Now we can prove our theorem.
Proof:  Clearly the data glues to a scheme $G$ over $S$ via $\pi:G\to S$ with open immersions of $S$-schemes $g_j:G_j\to G$ s.t. $g_k\circ \phi_{jk}=g_j$ for all $(j,k)\in I^2$. Since $G^{(r)}$ can be covered by $G_j^{(r)}$ over $U_j$, we can glue $(m:G\times_S G\to G,i:G\to G,e:S\to G)$ which are compatitble with open immersions $g_j$.

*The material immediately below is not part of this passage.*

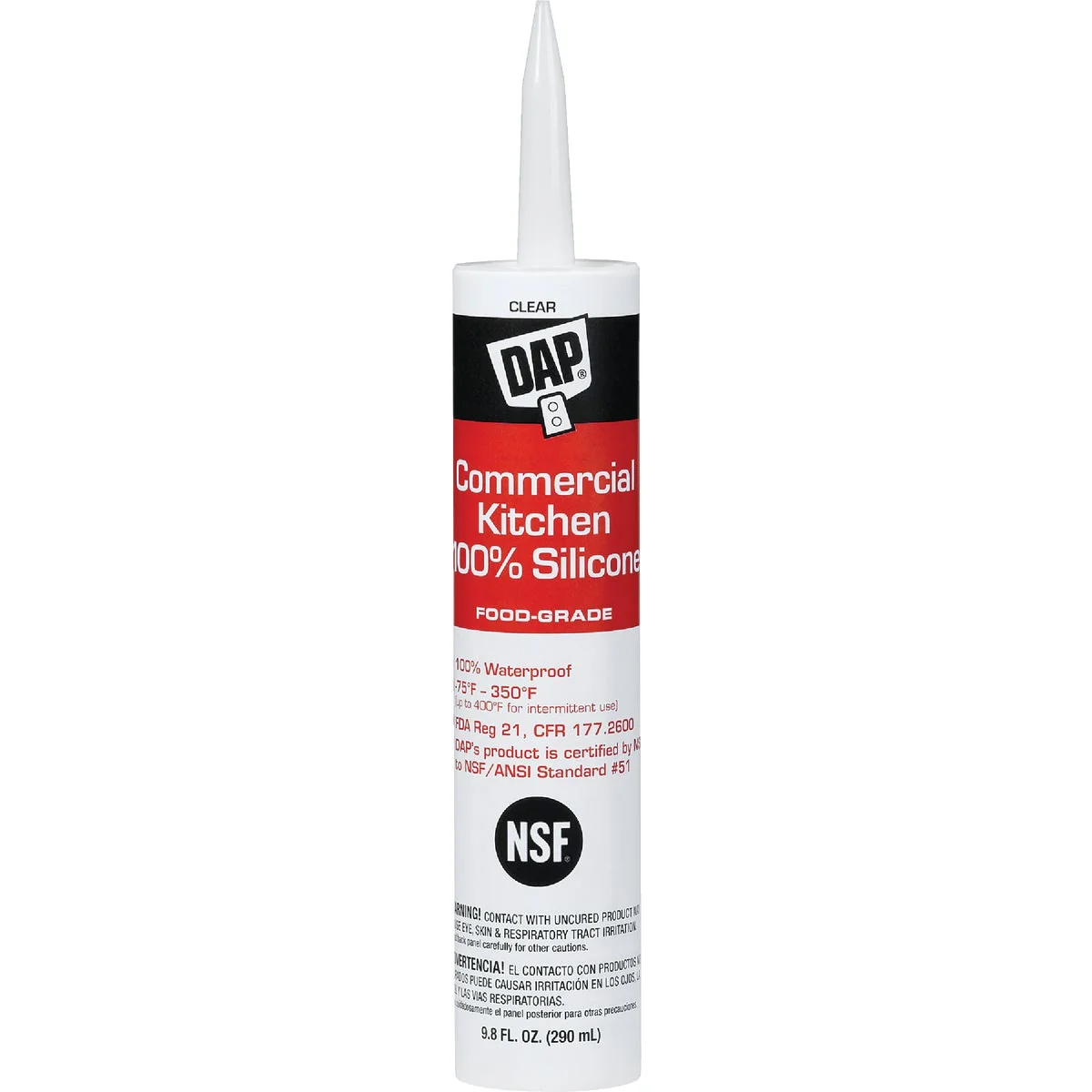 Official DAP 9.8 Oz. Commercial Kitchen Food-Grade Silicone Sealant Clear Quality
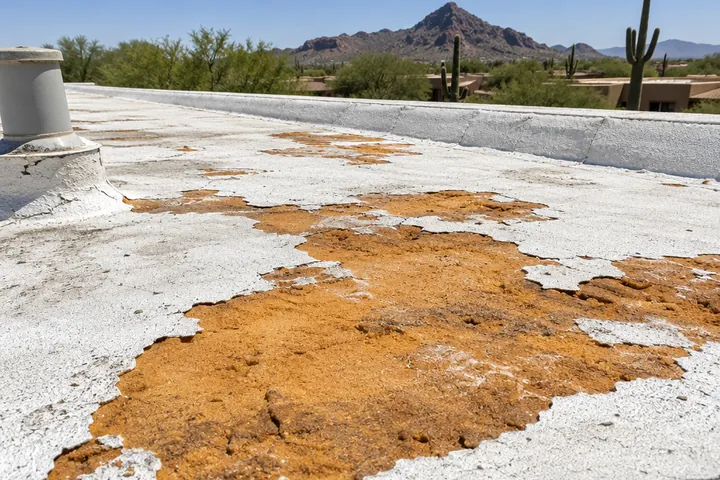Worn coating on a flat foam roof with weathered foam showing through in patches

Now let $J=\{m,i,e\}$ and $\mathcal{J}$ be the corresponding variable set, and $\mathcal{M}$ be the group scheme axiom data. Then for each $E(\mathcal{J})\in \langle \mathcal{J} \rangle$, $E(J)$ is the unique morphism glued by $\{E(\{m_j,i_j,e_j\})\}_{j\in J}$ (this can be proved step by step, we may start from $J_1$). So for each pair $(E,F)\in \mathcal{M}$, we have $E(J)=F(J)$ if and only if $E(\{m_j,i_j,e_j\})=F(\{m_j,i_j,e_j\})$ for all $j\in J$. The result follows.